Faisant référence aux deux projets constitutionnels, le chef de l’Etat a souligné que « ni l’une ni l’autre n’ont réussi à représenter ou à unir le Chili dans sa belle diversité ». Gabriel Boric a déclaré qu’à ce stade, après les résultats, il n’y avait de place « ni pour la célébration ni pour l’arrogance. Le ballon doit être remis au centre, il faut de l’humilité et du travail, beaucoup de travail », a-t-il déclaré. (Article publié dans le quotidien uruguayen La Diaria, le 18 décembre 2023 ; traduction rédaction A l’Encontre)

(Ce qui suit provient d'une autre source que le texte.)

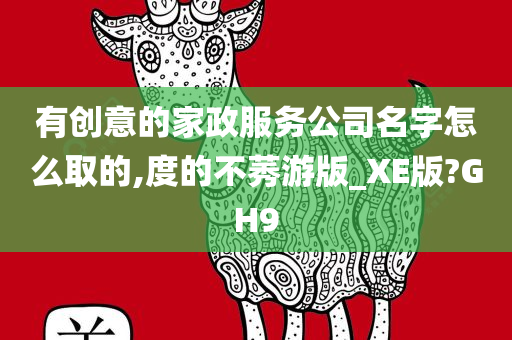 有创意的家政服务公司名字怎么取的,度的不莠游版_XE版?GH9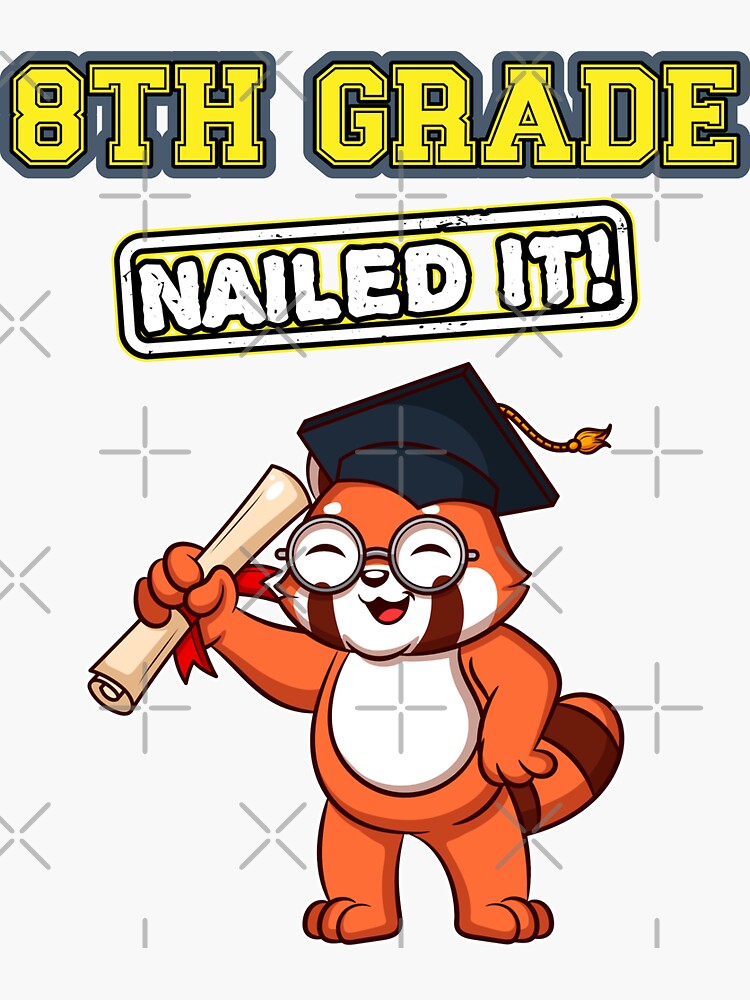 eighth-grade-nailed-it-middle-school-highschool-sticker-for-sale-by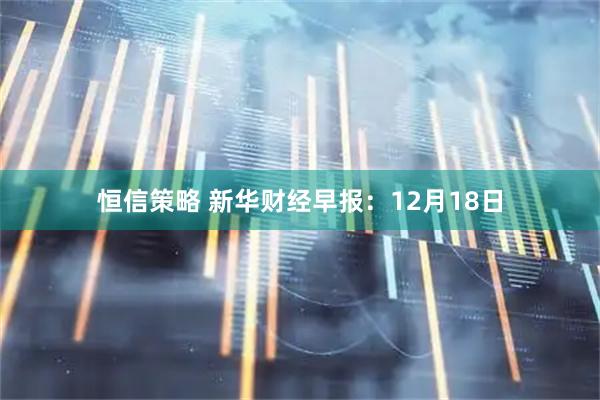 恒信策略 新华财经早报：12月18日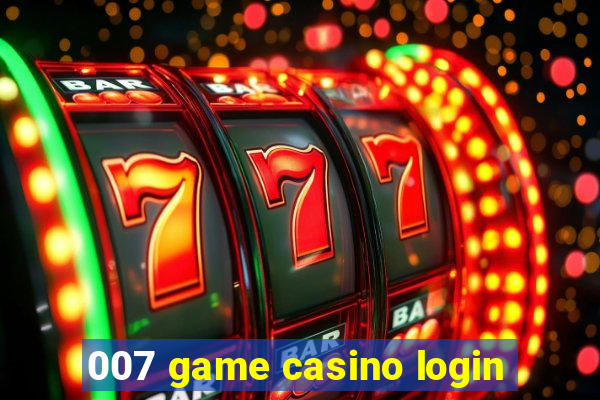 007 game casino login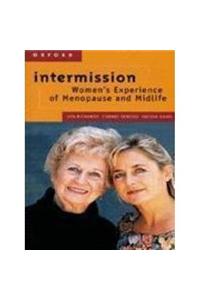 Intermission: Women, Menopause and Midlife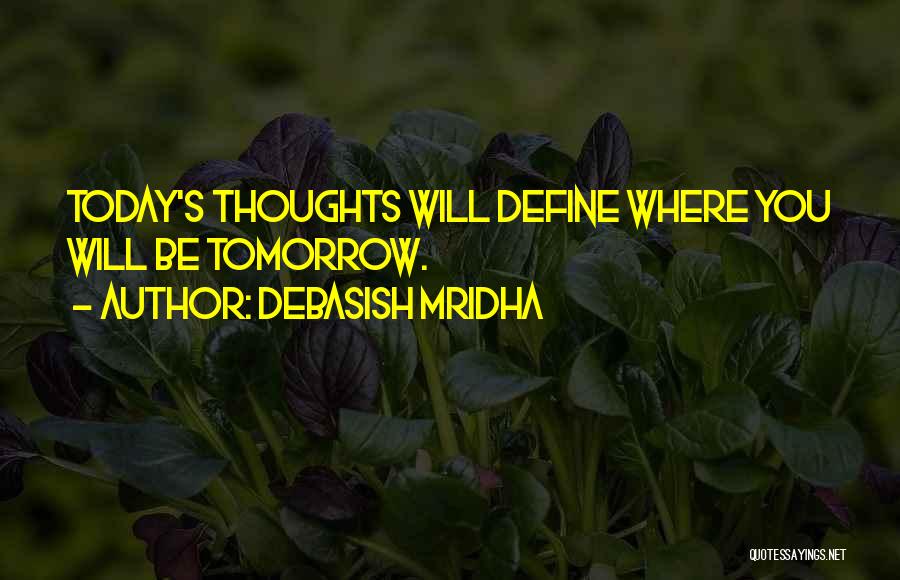 Debasish Mridha Quotes: Today's Thoughts Will Define Where You Will Be Tomorrow.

[1] Les forces politiques se prononçant en faveur du « oui » le 17 décembre étaient : le Parti républicain, le Renouveau national (RN), l’Union démocratique indépendante (UDI) et Evópoli (créé par Andrés Molina en fin 2012, lors du deuxième tour des présidentielles de 2021 le parti a appuyé José Antonio Kast). Le « non » était soutenu par le parti au pouvoir, Convergence sociale, et une coalition composée par le Parti socialiste, Parti pour la démocratie, le Parti radical et le Parti libéral, le Frente Amplio qui réunit Convergence sociale, Révolution démocratique et Communes, ainsi que le Parti communiste. (Réd.)